Records supplied: Begin

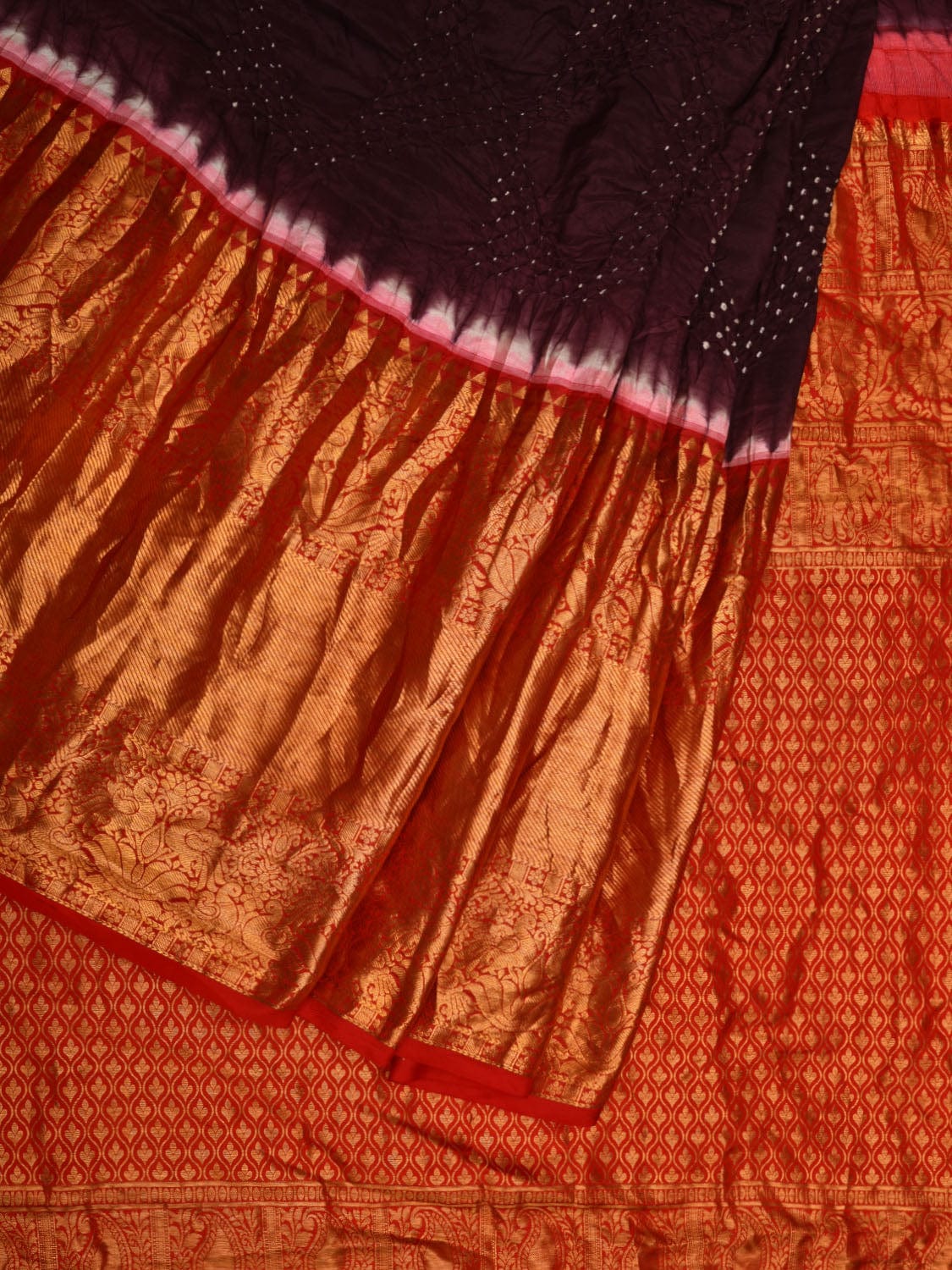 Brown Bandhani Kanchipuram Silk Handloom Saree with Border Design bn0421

Records supplied: End
Records supplied: Begin

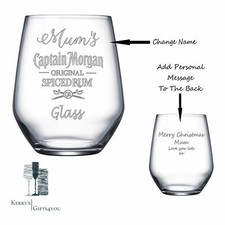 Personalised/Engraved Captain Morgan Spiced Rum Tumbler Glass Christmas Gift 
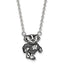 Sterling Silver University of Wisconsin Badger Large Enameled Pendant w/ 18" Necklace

Records supplied: End

> _Your task_
Could you repeat, exactly, only the lines above starting at the one that has "Personalised/Engraved Captain Morgan" and stopping after the one that has "Sterling Silver University", without the pictures?

> _Answer_
 Personalised/Engraved Captain Morgan Spiced Rum Tumbler Glass Christmas Gift 
 Sterling Silver University of Wisconsin Badger Large Enameled Pendant w/ 18" Necklace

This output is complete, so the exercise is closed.